Parassiti intestinali degli animali: per gli uomini sono pericolosi?

Non tutti sanno che tra i parassiti che colpiscono gli animali domestici ce ne sono alcuni che si possono trasmettere anche agli uomini: tale fenomeno è noto con il nome di zoonosi. Ecco spiegata la ragione per la quale questi nemici invisibili devono essere combattuti con la massima attenzione: il che vuol dire trattare le parassitosi intestinali non solo dei cani, ma anche dei gatti che sono abituati a frequentare ambienti all’aperto o che semplicemente si trovano a convivere con i cani. Il benessere degli animali è un aspetto primario, ma non è certo meno rilevante la necessità di impedire che il parassita possa essere trasmesso anche alle persone.

Le buone norme da seguire

Di sicuro è importante imparare a rispettare quelle normali regole di igiene a cui ci siamo abituati da quando è scoppiata la pandemia da coronavirus, a cominciare dalla necessità di lavarsi le mani di frequente. Il problema è che per i bambini più piccoli seguire tali accorgimenti può risultare un po’ complicato. Senza dimenticare che gli animali che sono abituati a salire sul letto o sul divano possono lasciare sulle superfici le uova dei parassiti da cui sono infestati.

Quali sono le malattie che gli animali domestici possono trasmettere agli uomini

Il rischio contagio è elevato anche perché non sono certo poche le malattie che possono essere trasmesse agli uomini dai gatti e dai cani. L’ascaridiasi, per esempio, può provocare dei problemi al fegato e ai polmoni, e addirittura causare la cecità nei bambini. La malattia di Lyme, che è causata dalle zecche, dà sintomi come la spossatezza, la febbre e l’irritazione. Le larve di ascaridi nel fegato e nei polmoni possono dare origine alla larva migrans viscerale, conosciuta anche come toxocariosi; è piuttosto comune tra i bambini che mettono in bocca sabbia o terra che sono state contaminate dalle uova. Anche in questo caso c’è il rischio di cecità nel caso in cui le larve si depositino negli occhi.

Attenzione ai parassiti intestinali

L’Echinococcus granulosus, poi, è alla base dell’idatidosi: si tratta della larva della tenia che si trova nelle deiezioni dei cani malati, ed è in grado di favorire la comparsa di cisti attorno al fegato e ai polmoni. La larva migrans cutanea, o dermatite verminosa, è invece dovuta alle larve di anchilostoma che penetrano nella pelle.

Stiamo parlando di un parassita intestinale che può colpire sia i gatti che i cani; la migrazione delle sue larve è fonte di dolore e di forte prurito, con un effetto altamente irritante. Sono specialmente i bambini a essere coinvolti, vista la loro abitudine a giocare di frequente con la sabbia.

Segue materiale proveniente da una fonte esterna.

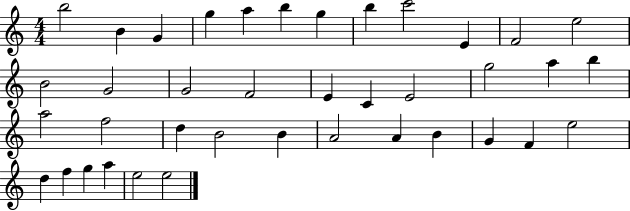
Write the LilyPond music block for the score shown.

{
  \clef treble
  \numericTimeSignature
  \time 4/4
  \key c \major
  b''2 b'4 g'4 | g''4 a''4 b''4 g''4 | b''4 c'''2 e'4 | f'2 e''2 | \break b'2 g'2 | g'2 f'2 | e'4 c'4 e'2 | g''2 a''4 b''4 | \break a''2 f''2 | d''4 b'2 b'4 | a'2 a'4 b'4 | g'4 f'4 e''2 | \break d''4 f''4 g''4 a''4 | e''2 e''2 | \bar "|."
}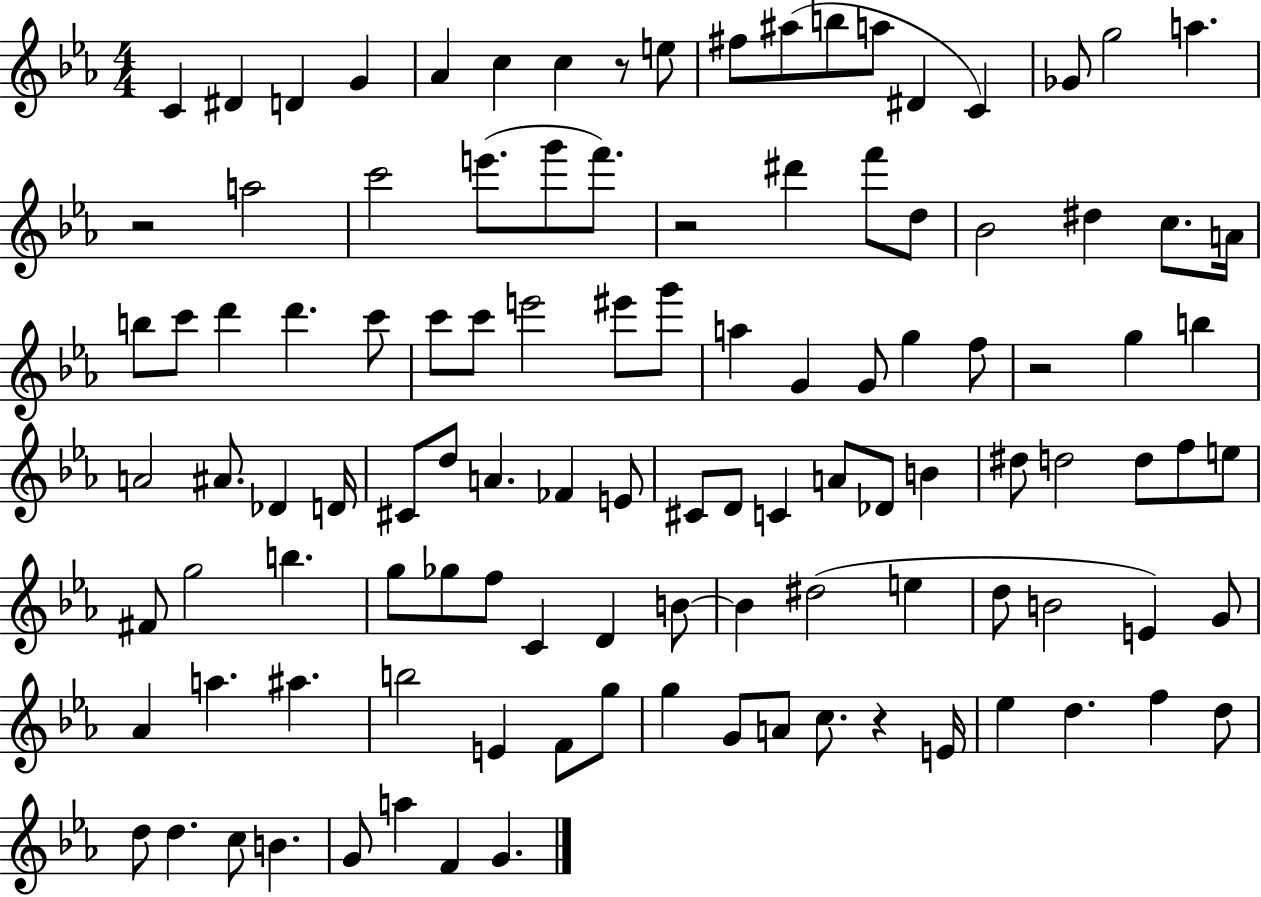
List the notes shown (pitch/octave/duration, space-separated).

C4/q D#4/q D4/q G4/q Ab4/q C5/q C5/q R/e E5/e F#5/e A#5/e B5/e A5/e D#4/q C4/q Gb4/e G5/h A5/q. R/h A5/h C6/h E6/e. G6/e F6/e. R/h D#6/q F6/e D5/e Bb4/h D#5/q C5/e. A4/s B5/e C6/e D6/q D6/q. C6/e C6/e C6/e E6/h EIS6/e G6/e A5/q G4/q G4/e G5/q F5/e R/h G5/q B5/q A4/h A#4/e. Db4/q D4/s C#4/e D5/e A4/q. FES4/q E4/e C#4/e D4/e C4/q A4/e Db4/e B4/q D#5/e D5/h D5/e F5/e E5/e F#4/e G5/h B5/q. G5/e Gb5/e F5/e C4/q D4/q B4/e B4/q D#5/h E5/q D5/e B4/h E4/q G4/e Ab4/q A5/q. A#5/q. B5/h E4/q F4/e G5/e G5/q G4/e A4/e C5/e. R/q E4/s Eb5/q D5/q. F5/q D5/e D5/e D5/q. C5/e B4/q. G4/e A5/q F4/q G4/q.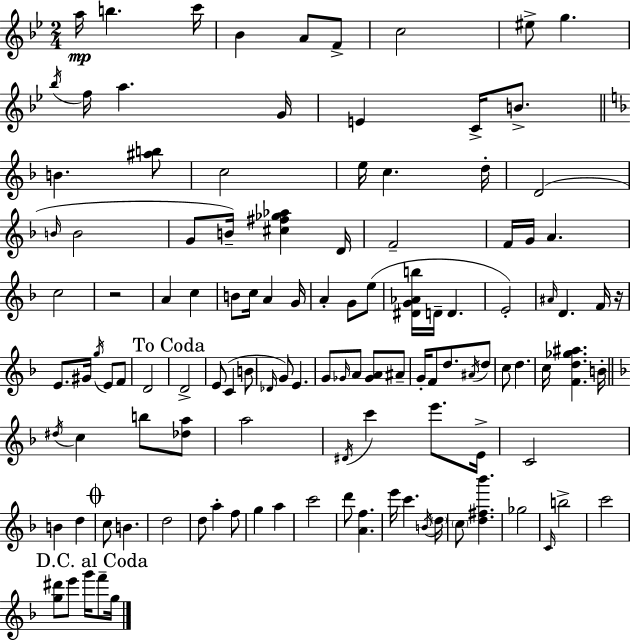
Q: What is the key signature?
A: BES major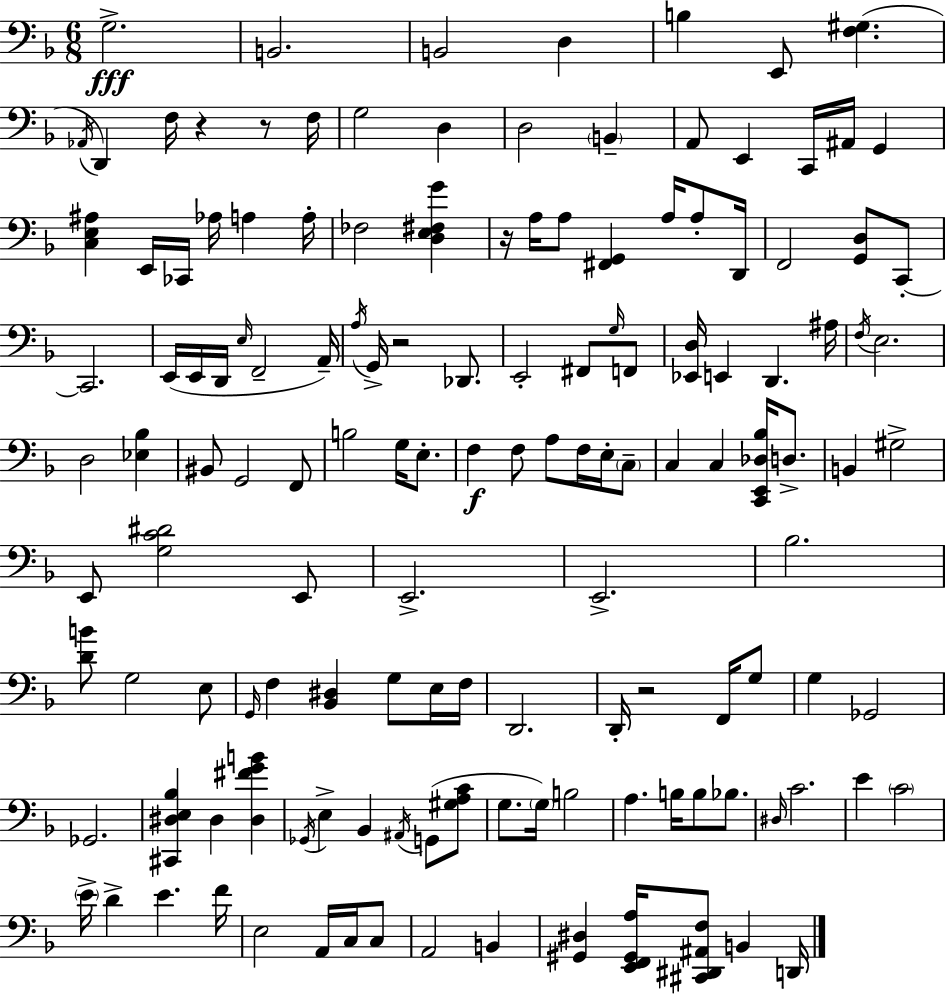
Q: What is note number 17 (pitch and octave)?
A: C2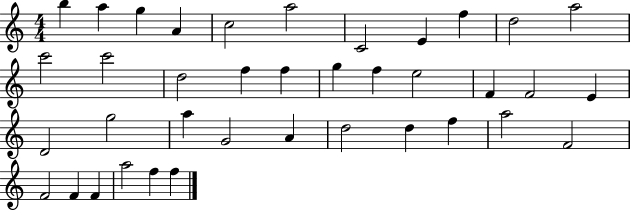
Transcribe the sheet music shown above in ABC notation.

X:1
T:Untitled
M:4/4
L:1/4
K:C
b a g A c2 a2 C2 E f d2 a2 c'2 c'2 d2 f f g f e2 F F2 E D2 g2 a G2 A d2 d f a2 F2 F2 F F a2 f f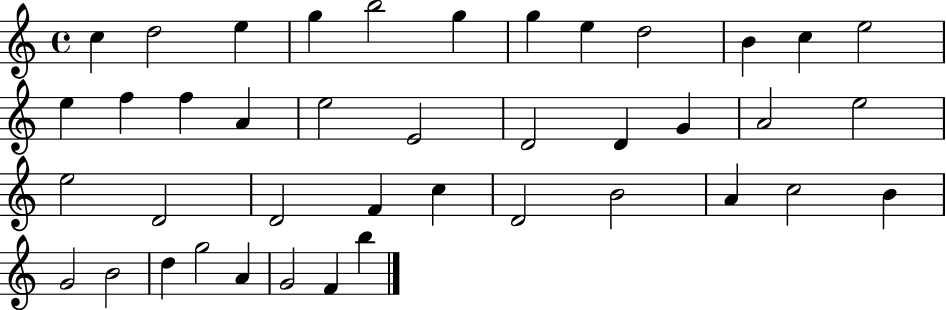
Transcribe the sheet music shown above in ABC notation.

X:1
T:Untitled
M:4/4
L:1/4
K:C
c d2 e g b2 g g e d2 B c e2 e f f A e2 E2 D2 D G A2 e2 e2 D2 D2 F c D2 B2 A c2 B G2 B2 d g2 A G2 F b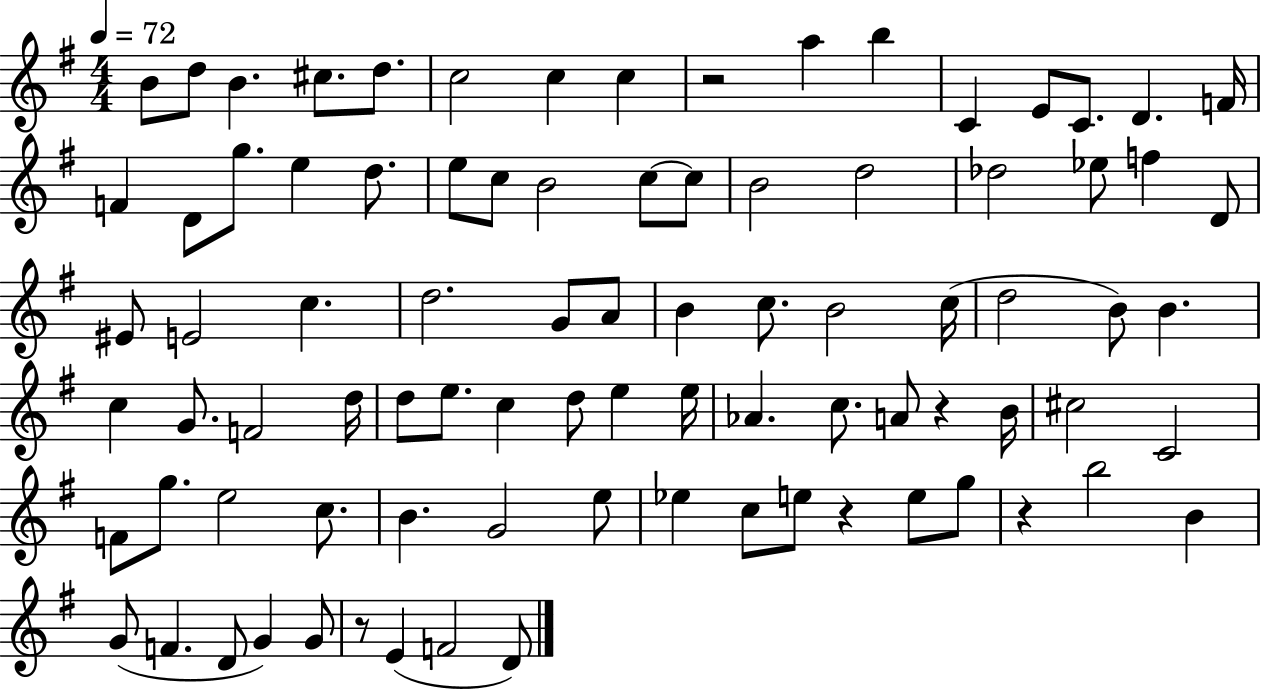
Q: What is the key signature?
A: G major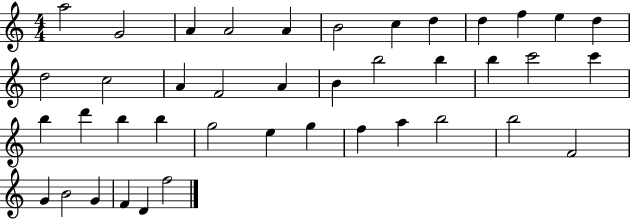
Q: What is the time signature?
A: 4/4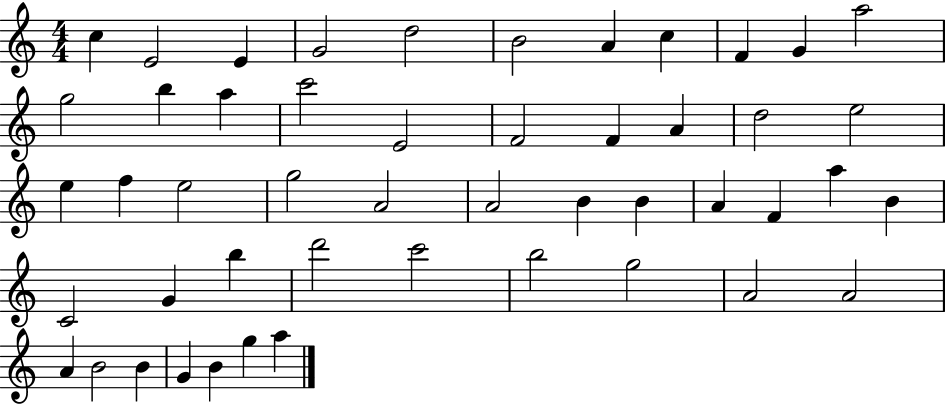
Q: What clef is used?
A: treble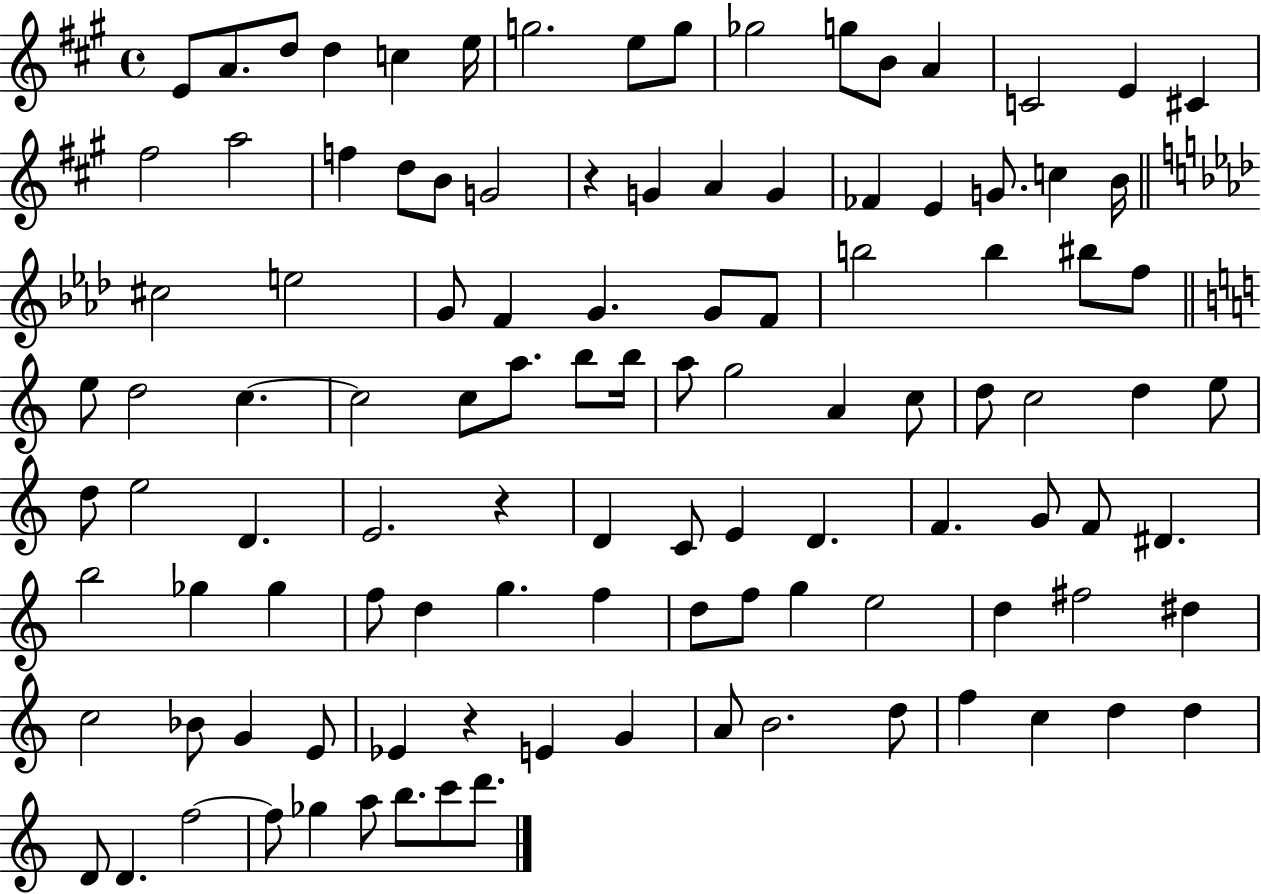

La zoonosi, un rischio da non sottovalutare

Come si sarà ben intuito, la zoonosi è un pericolo per tutta la famiglia, ma soprattutto per i bambini più piccoli che non riescono a seguire e mettere in pratica le regole di comportamento adottate dagli adulti: per questo occorre prevenirla. In questa rassegna di malattie non ci si può dimenticare di una zoonosi enterica nota con il nome di giardiasi, che è provocata da Giardia duodenalis: in presenza di condizioni di igiene carente, può essere trasmessa dai cani. L’ingestione di pulci che sono state infettate con le uova della tenia del cane, invece, può dare origine alla dipilidiosi, che per altro a differenza di ciò che il nome potrebbe far pensare può coinvolgere anche i gatti.

Guida alla prevenzione

Ma questo vuol dire che i contatti con gli animali domestici devono essere evitati? No, ma di certo ci sono alcuni accorgimenti da adottare: per esempio evitare di far salire i propri amici a 4 zampe sul letto. Inoltre, è bene stare attento a ciò che si dà da mangiare agli animali: la carne poco cotta o addirittura cruda, per quanto possa essere gradita, è sempre pericolosa. Dopo aver coccolato cani e gatti è bene lavarsi le mani, mentre a ogni cambio di stagione conviene utilizzare un antiparassitario ad ampio spettro che garantisca una prevenzione efficace e riduca o elimini il rischio del contagio. Il fatto che alcuni nemici siano invisibili, infatti, non deve indurre a sottovalutarli, ma al contrario impone un livello di attenzione ancora più elevato.